Existing WLAN/WiFi and cellular technologies are not interoperable. Allowing one technology to be adopted by manufacturers as standard risks excluding the other in the mass-market future roll-out of connected and automated vehicles. For this reason, some EU governments and the telecoms industry opposed plans in 2019 by the European Commission to introduce draft legislation on Intelligent Transport Systems The draft legislation favoured a type of WiFi as the standard for connected cars in the EU. Until the technology debate is resolved, a new EU Directive on Intelligent Transport Systems, which updates the previous Directive 2010/40/EU, is awaited.
Connected vehicles and legal issues
Currently, there is no bespoke Irish (or EU) legislation addressing the range of legal issues applicable to connected cars. A patchwork of existing legislative instruments applies. Some of the novel legal issues that arise are:
How will telecoms regulation apply to the connectivity features in connected cars?
This will depend on the type of system but it seems likely that the regulatory burden will fall mainly on the telecoms operators/providers facilitating the in-car connectivity.
How will cybersecurity and personal data risks be addressed?
Like all connected systems, connected vehicles are vulnerable to hacking. The nature of vehicular transport means that a successful hack could cause devastating effects for human safety, traffic chaos and significant personal data breaches. For example, in 2015, security researchers in the United States remotely disabled a Chrysler manufactured Jeep Cherokee on a highway by hacking the vehicle’s entertainment system. This resulted in Chrysler recalling close to 1.5 million vehicles for a software patch-update.
A host of existing cyber security requirements apply under the General Data Protection Regulation, the ePrivacy Directive, the NIS Directive and the EU Cybersecurity Regulation. Of note:
- For now: on 28 January 2020, the European Data Protection Board adopted Guidelines 1/2020 on processing personal data in the context of connected vehicles and mobility related applications on Connected Vehicles; and
- For the future: under the NIS Directive, operators of intelligent transport systems can be designated as operators of essential services and be made subject to the cybersecurity and incident notification obligations under it. It seems likely that such designations will occur only once connected vehicles reach mass market penetration on our roads.

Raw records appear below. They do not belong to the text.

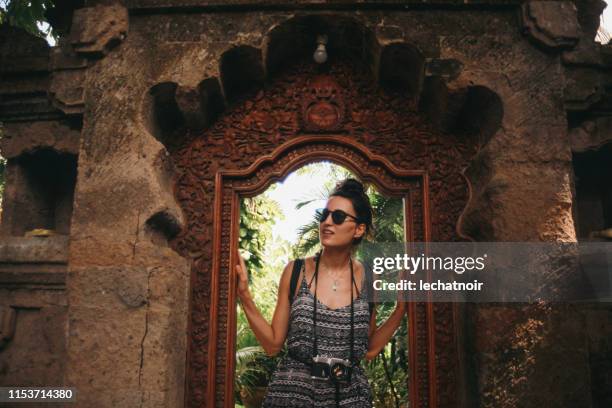jungreisende in ubud, bali, indonesien - tempel stock-fotos und bilder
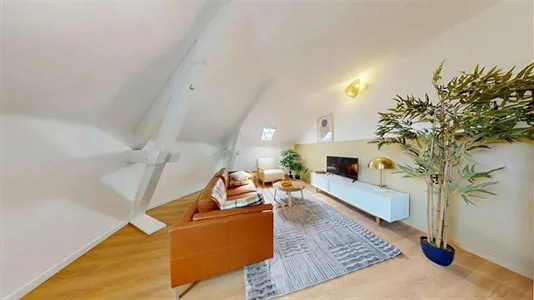 Rooms in Saint-Julien-en-Genevois - photo 2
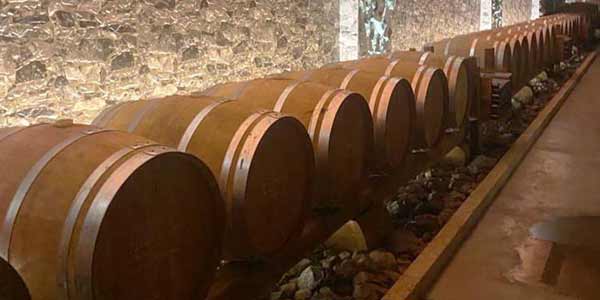 бочки с вином в итальянском винном погребе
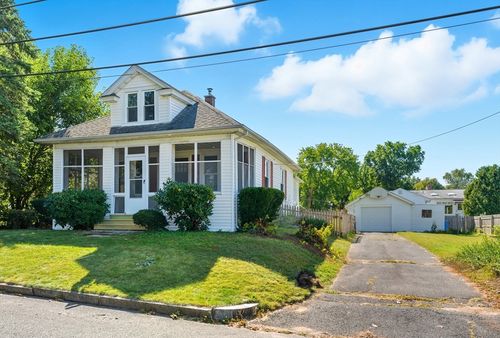 33 Taber St, Springfield, MA, 01118-2236 | Card Image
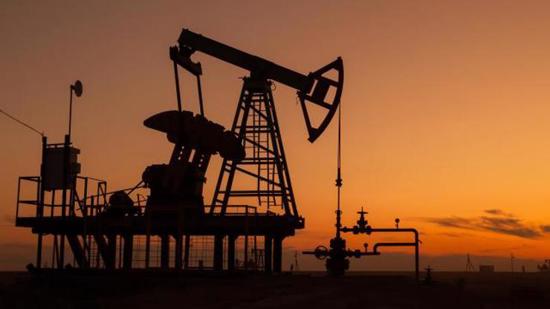 ارتفاع مخزون النفط الخام في الولايات المتحدة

How will liability issues be addressed?
Conventional liability norms for traffic accidents will need to be looked at closely. There will undoubtedly be cases where it will be difficult to clearly attribute liability for a road incident to human error or to systems failure in the on-board communications system. Similarly, attribution of liability between auto industry manufacturers and the telecoms and tech industries for technical and communications malfunctions will become a battle-ground in time. At the very least, it is expected that liability under defective products rules and the provisions of the GDPR and e-Privacy Directive will need to be considered.
In the coming years, we expect that EU legislators will publish bespoke legislation dealing with the host of legal issues arising in respect of connected and automated vehicles – likely under the heading of legislation for Intelligent Transport Systems. For now, the auto, telecoms and tech industries must look to a patchwork of existing legislation and guidance issued by different EU and national bodies. For these industries, this is an important area to watch for legal developments in the near future.
The content of this article is provided for information purposes only and does not constitute legal or other advice.